Stéphane Demoustier se plonge, avec L’Inconnu de la Grande Arche, dans les méandres de la création de l’arche de la Défense, et retrace le parcours singulier de Johan Otto von Spreckelsen, architecte malgré lui d’un monarque bâtisseur.
L’Inconnu de la Grande Arche
Comédie de Stéphane Demoustier. Avec Claes Bang, Xavier Dolan, Sidse Babett Knudsen. 1h46.
La cote de Focus: 3,5/5
Johan Otto von Spreckelsen a construit sa maison, et trois chapelles.
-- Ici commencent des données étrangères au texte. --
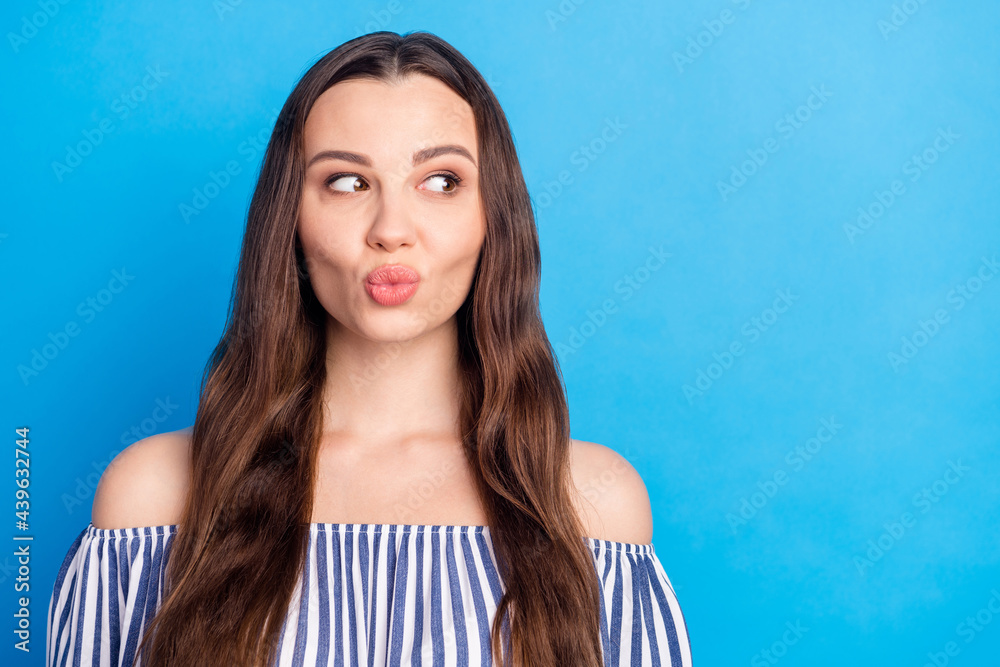 Photo of pretty adorable young lady wear off-shoulders clothes lips pouted looking empty space isolated blue color background Photo of pretty adorable young lady wear off-shoulders clothes lips pouted looking empty space isolated blue color background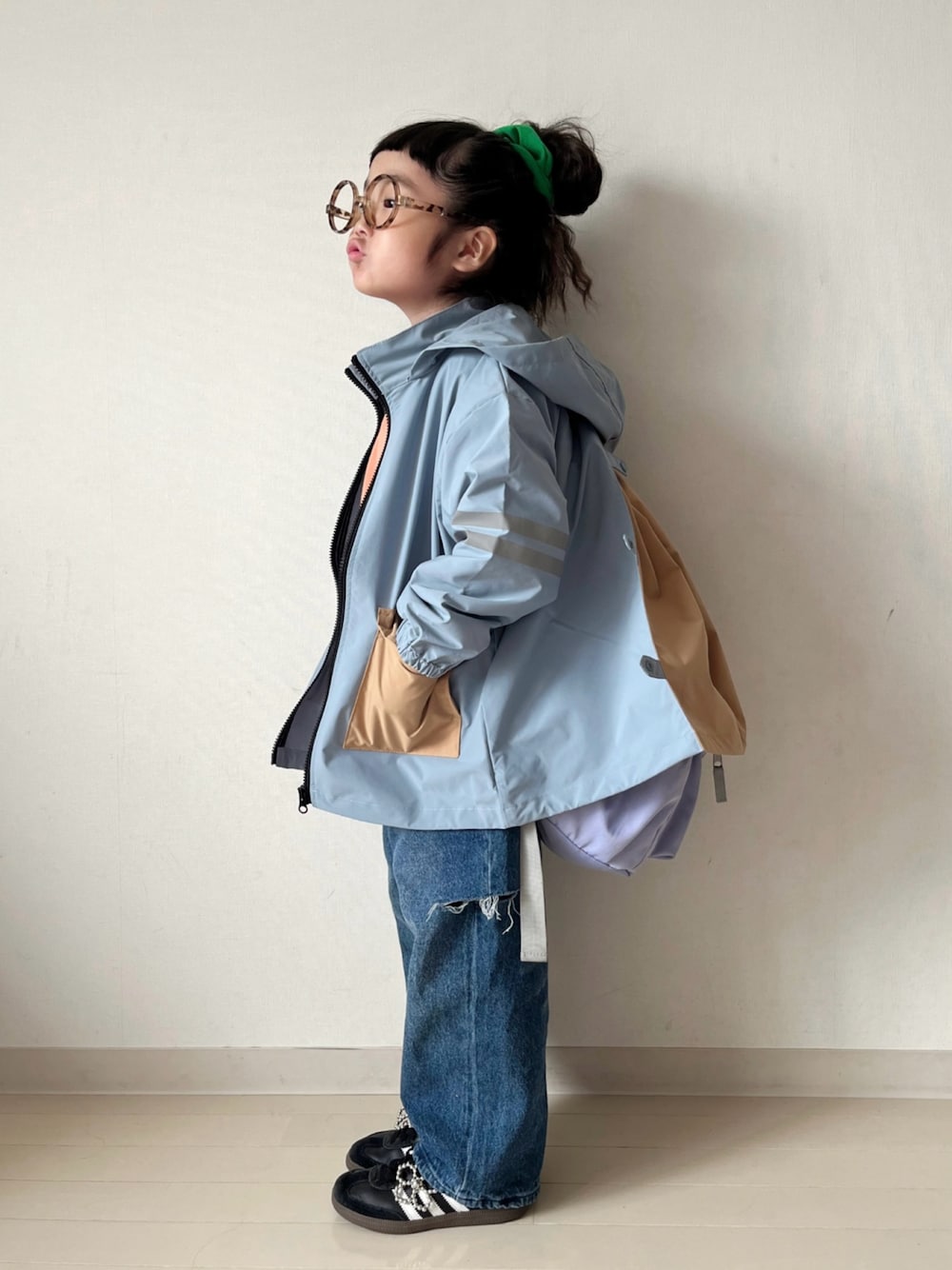 ブルー系のナイロンジャケット、オレンジ系のニット/セーター、ブルー系のデニムパンツを着用したキッズの秋コーディネートの1枚目の写真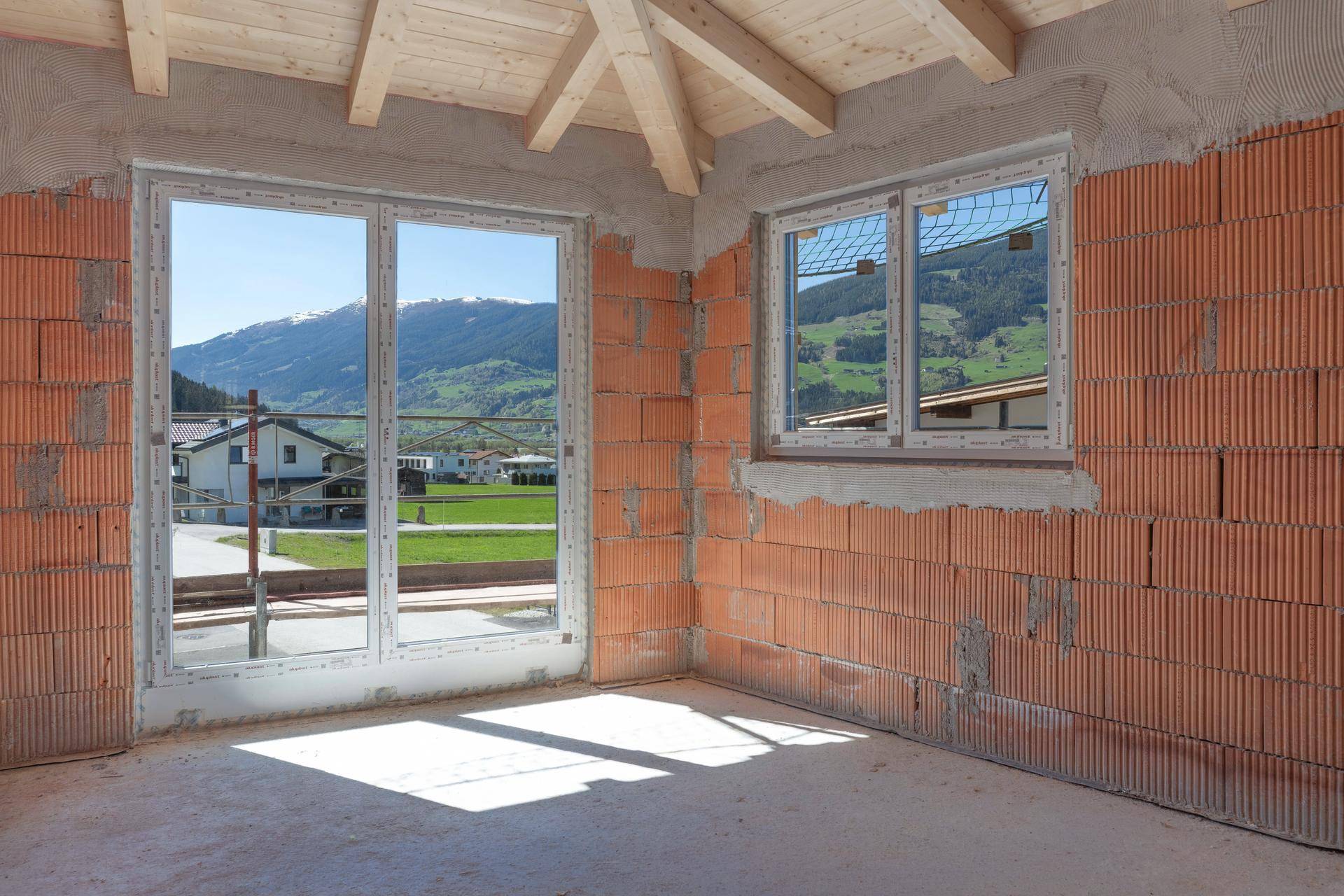 Rohbau eines Zimmers mit Ziegelwänden, neuen Fenstern und Blick auf die umliegende Berglandschaft.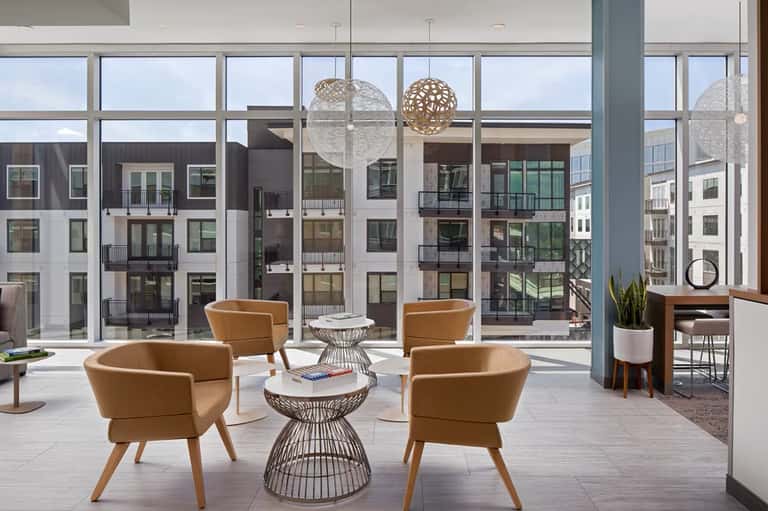 Modern lounge area with tan seating, hanging pendant lights, and floor-to-ceiling windows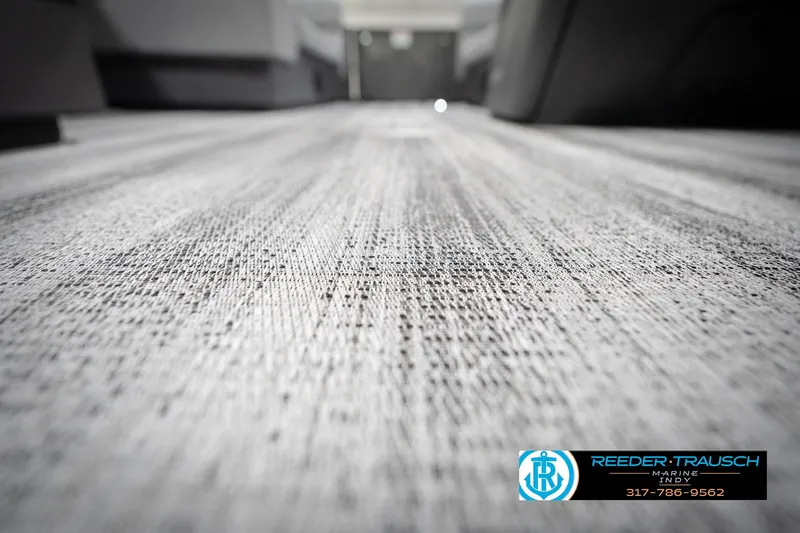Slide: The Image of Carpeted floor of a 2026 Bennington 21 SL boat, close-up view. - 50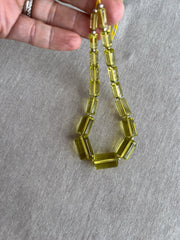 Rare 9-inch strand of 17 graduated Lemon Quartz faceted cylinder beads, ranging from 11x5mm to 20x13mm.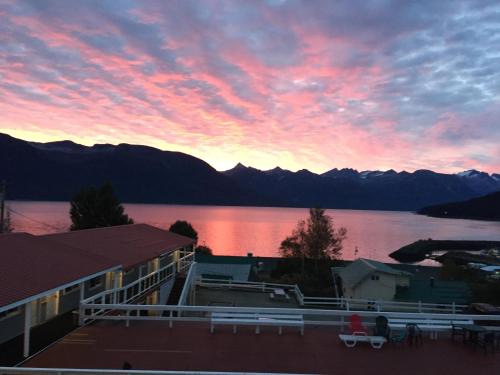 a view of a sunset over a lake with mountains at Captain's Choice Motel in Haines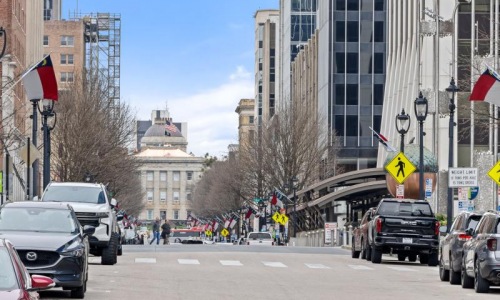 a busy street with cars and people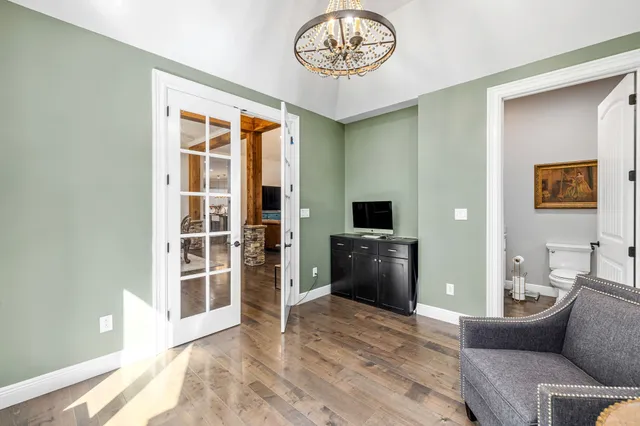 a kitchen with stainless steel appliances granite countertop a stove a sink and a white cabinets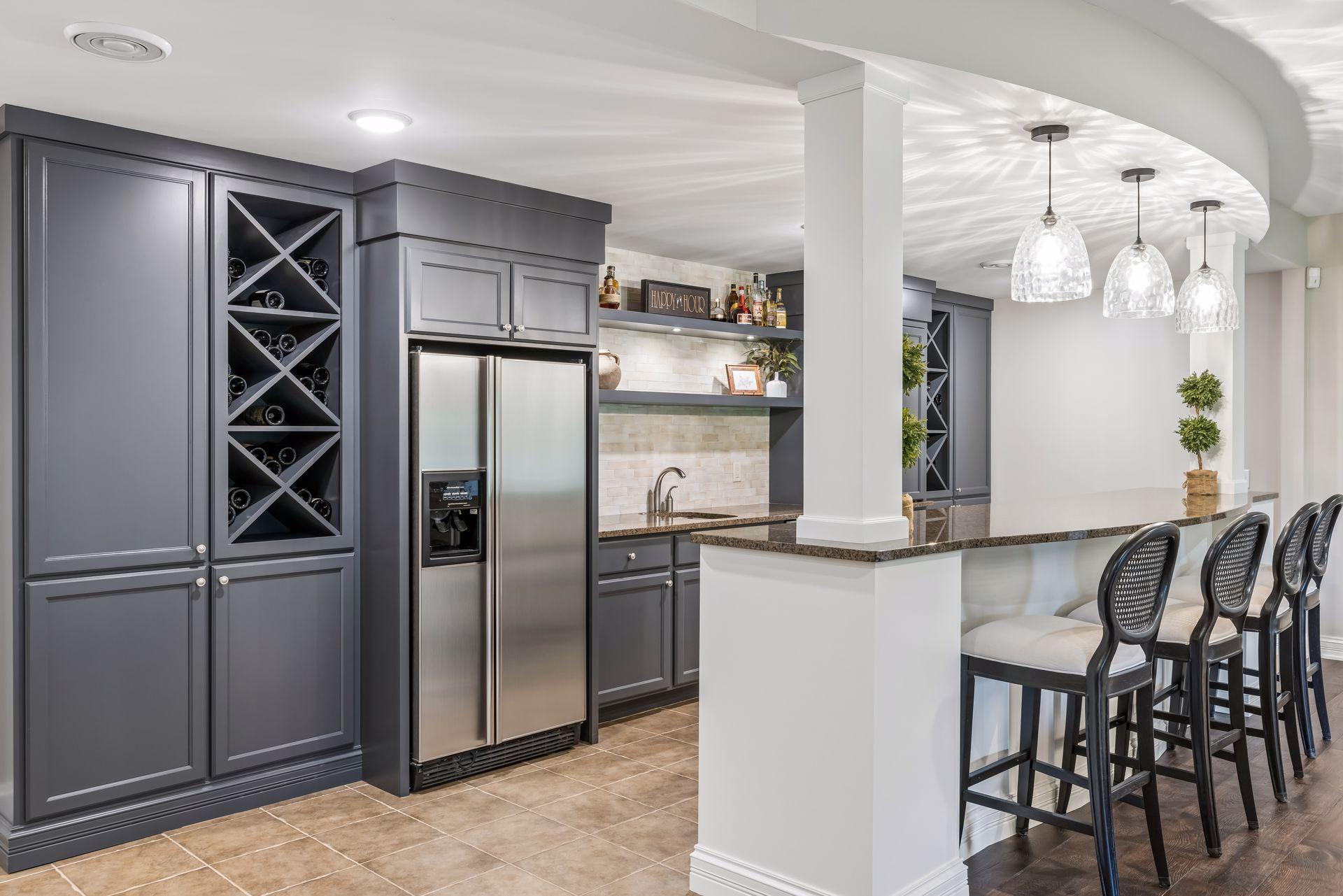 Newly painted cabinets, dedicated wine storage, and tile flooring create a fresh, functional space.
Contre toute attente, il remporte un concours faisant de lui l’architecte officiel du projet pharaonique censé signer la fin de règne de François Mitterrand: l’arche de la Défense. L’arche, ou plutôt le cube, forme qui obsède notre architecte, qui va rapidement se trouver dépossédé de son œuvre, incapable de concilier sa grande idée et les contraintes de la commande. Peut-on demeurer un artiste en acceptant que son rêve soit trahi, pour de basses considérations logistiques, politiques, et budgétaires? Stéphane Demoustier, servi par un casting impeccable, livre une comédie graphique et satirique qui épingle l’hubris du créateur tout en louant sa vision et, surtout, qui éclaire les arcanes du pouvoir, de l’étouffante logique bureaucratique à l’immodestie du monarque bâtisseur.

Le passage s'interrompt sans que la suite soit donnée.